/blog
RAG7 min

A practical RAG chunking playbook

Chunking is the single highest-leverage knob in a RAG system. Here is how we choose chunk size, overlap, and structure for real corpora.

May 30, 2026

Retrieval quality is mostly a chunking problem in disguise. Embeddings and rerankers can only work with the pieces you hand them.

The three questions

  1. What is one answer-sized unit in this corpus? A paragraph? A function? A row?
  2. What context does the reader need around that unit to make sense of it?
  3. What is the smallest chunk that still contains both?

Your chunk size is the answer to question 3.

Defaults that usually work

  • Prose docs: 500–800 tokens, 10–15% overlap, split on headings first.
  • Code: split by symbol (function, class), never by line count.
  • Tables: keep the header row with every chunk of the body.
  • Chat logs: chunk by conversation turn, not by token window.
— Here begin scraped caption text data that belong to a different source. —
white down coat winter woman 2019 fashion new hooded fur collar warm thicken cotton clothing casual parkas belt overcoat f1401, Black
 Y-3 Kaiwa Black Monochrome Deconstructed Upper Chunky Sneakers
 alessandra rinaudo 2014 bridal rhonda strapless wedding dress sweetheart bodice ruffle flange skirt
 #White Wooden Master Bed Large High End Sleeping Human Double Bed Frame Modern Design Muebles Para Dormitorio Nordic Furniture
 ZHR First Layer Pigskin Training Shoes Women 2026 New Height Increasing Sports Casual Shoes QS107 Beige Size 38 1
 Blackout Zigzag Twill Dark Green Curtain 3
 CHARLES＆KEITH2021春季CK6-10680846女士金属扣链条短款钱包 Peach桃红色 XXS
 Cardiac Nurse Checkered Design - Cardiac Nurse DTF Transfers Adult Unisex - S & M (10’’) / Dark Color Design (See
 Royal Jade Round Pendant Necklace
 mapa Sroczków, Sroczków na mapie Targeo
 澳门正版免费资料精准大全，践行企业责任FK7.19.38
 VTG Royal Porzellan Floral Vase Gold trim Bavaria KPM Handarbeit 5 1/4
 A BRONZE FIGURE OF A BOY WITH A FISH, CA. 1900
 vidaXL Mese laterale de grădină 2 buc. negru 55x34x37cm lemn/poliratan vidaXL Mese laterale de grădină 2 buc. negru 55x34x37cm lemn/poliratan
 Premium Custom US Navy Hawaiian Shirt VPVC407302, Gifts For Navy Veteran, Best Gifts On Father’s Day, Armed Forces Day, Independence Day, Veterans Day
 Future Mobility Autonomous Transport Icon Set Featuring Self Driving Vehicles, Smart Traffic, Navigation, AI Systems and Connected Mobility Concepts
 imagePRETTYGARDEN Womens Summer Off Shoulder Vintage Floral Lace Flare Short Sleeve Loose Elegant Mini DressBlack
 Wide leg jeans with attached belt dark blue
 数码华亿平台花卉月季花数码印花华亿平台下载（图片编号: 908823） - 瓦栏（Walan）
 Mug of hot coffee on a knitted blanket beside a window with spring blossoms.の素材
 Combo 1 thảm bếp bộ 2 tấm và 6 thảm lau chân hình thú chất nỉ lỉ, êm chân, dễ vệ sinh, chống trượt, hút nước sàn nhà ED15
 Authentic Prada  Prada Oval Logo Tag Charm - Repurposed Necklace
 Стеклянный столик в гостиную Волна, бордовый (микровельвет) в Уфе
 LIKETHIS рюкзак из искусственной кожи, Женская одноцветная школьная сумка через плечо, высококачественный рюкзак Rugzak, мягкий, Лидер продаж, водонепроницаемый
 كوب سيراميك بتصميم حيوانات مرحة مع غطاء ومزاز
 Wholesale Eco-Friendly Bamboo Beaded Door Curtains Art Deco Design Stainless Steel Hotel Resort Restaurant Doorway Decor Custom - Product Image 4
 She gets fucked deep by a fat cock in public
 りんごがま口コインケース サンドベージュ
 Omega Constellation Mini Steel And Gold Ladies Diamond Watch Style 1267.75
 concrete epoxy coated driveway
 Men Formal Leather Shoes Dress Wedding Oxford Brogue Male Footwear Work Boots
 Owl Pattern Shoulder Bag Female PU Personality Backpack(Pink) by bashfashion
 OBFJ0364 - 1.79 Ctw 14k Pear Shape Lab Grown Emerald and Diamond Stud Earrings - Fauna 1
Things that quietly break retrieval

  • Splitting mid-sentence. Always snap to a sentence or block boundary.
  • Throwing away the document title. Prepend it to every chunk.
  • Mixing languages in one index without a language tag in metadata.

Metadata is half the system

{
  "doc_id": "handbook-2026",
  "section": "Engineering > On-call",
  "heading_path": ["On-call", "Escalation"],
  "updated_at": "2026-04-12"
}

Filter on metadata first, embed second. It is faster and almost always more accurate.

Measure, don't vibe

Build a small eval set of 50 real questions with known correct passages. Re-run it every time you change chunking. If recall@5 doesn't move, neither should your config.